BMJ Qual Saf. 2019 Mar 20;:

Authors: Bergmann S, Tran M, Robison K, Fanning C, Sedani S, Ready J, Conklin K, Tamondong-Lachica D, Paculdo D, Peabody J

BACKGROUND: Hospitalist medicine was predicated on the belief that providers dedicated to inpatient care would deliver higher quality and more cost-effective care to acutely hospitalised patients. The literature shows mixed results and has identified care variation as a culprit for suboptimal quality and cost outcomes. Using a scientifically validated engagement and measurement approach such as Clinical Performance and Value (CPV), simulated patient vignettes may provide the impetus to change provider behaviour, improve system cohesion, and improve quality and cost efficiency for hospitalists.
METHODS: We engaged 33 hospitalists from four disparate hospitalist groups practising at Penn Medicine Princeton Health. Over 16 months and four engagement rounds, participants cared for two patients per round (with a diagnosis of chronic obstructive pulmonary disease [COPD] and sepsis), then received feedback, followed by a group discussion. At project end, we evaluated both simulated and real-world data to measure changes in clinical practice and patient outcomes.

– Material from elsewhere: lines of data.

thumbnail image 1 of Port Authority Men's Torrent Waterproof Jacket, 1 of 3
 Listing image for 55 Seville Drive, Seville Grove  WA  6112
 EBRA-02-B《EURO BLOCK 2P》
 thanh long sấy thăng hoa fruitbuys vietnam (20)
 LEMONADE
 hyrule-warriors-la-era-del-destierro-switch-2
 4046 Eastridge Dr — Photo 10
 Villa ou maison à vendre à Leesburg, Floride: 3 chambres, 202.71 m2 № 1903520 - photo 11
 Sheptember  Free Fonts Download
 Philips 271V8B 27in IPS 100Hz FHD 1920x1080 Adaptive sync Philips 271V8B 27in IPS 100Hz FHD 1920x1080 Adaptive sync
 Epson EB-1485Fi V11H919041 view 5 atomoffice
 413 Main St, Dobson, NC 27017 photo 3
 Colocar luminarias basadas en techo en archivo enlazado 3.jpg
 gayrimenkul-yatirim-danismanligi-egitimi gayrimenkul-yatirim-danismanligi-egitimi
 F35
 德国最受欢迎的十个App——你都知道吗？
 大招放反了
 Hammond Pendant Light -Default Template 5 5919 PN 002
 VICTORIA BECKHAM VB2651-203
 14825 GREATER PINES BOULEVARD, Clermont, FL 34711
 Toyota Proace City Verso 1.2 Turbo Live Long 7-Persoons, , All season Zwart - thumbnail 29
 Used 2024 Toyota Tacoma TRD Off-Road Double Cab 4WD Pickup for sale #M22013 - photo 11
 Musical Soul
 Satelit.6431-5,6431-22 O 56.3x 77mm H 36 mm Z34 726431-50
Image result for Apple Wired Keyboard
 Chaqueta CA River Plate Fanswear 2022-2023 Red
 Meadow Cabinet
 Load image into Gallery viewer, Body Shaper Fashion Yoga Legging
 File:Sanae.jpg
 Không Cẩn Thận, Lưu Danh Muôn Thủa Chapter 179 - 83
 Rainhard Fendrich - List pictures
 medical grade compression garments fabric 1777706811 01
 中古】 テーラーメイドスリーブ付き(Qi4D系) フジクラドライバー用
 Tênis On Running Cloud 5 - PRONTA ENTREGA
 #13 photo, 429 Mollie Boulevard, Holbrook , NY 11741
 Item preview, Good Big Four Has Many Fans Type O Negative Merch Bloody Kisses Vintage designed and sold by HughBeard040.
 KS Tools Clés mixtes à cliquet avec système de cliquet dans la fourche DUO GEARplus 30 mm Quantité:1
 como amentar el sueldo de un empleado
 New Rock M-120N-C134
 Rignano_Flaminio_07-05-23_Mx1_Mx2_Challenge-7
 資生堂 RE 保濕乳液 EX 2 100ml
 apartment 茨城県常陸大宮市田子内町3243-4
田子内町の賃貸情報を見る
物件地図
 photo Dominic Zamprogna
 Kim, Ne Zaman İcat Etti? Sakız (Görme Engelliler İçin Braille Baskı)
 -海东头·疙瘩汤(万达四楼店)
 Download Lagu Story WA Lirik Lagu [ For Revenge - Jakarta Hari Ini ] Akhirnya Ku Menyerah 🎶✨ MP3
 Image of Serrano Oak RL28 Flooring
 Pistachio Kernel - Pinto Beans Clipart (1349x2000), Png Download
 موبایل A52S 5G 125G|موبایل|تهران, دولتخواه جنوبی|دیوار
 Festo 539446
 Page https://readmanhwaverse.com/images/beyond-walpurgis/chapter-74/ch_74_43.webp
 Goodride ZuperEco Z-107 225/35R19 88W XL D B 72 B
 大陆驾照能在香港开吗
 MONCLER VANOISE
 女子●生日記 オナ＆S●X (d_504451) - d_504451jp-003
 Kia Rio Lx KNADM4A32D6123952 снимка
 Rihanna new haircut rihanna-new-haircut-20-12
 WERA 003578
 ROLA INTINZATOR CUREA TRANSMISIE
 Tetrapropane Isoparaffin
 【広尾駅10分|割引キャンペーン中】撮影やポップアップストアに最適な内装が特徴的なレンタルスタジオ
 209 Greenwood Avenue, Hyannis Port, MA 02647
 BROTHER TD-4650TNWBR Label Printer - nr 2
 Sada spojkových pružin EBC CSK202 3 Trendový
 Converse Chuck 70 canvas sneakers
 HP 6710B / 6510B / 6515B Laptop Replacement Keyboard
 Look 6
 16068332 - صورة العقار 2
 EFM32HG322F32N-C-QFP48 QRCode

RESULTS: Participants significantly improved their evidence-based practice (+13.7% points, p<0.001) while simultaneously reducing their variation (-1.4% points, p=0.018), as measured by the overall CPV score. Correct primary diagnosis increased significantly for both sepsis (+19.1% points, p=0.004) and COPD (+22.7% points, p=0.001), as did adherence to the sepsis 3-hour bundle (+33.7% points, p=0.010) and correct admission levels for COPD (+26.0% points, p=0.042). These CPV changes coincided with real-world improvements in length of stay and mortality, along with a calculated $5 million in system-wide savings for both disease conditions.
CONCLUSION: This study shows that an engagement system-using simulated patients, benchmarking and feedback to drive provider behavioural change and group cohesion, using parallel tracking of hospital data-can lead to significant improvements in patient outcomes and health system savings for hospitalists.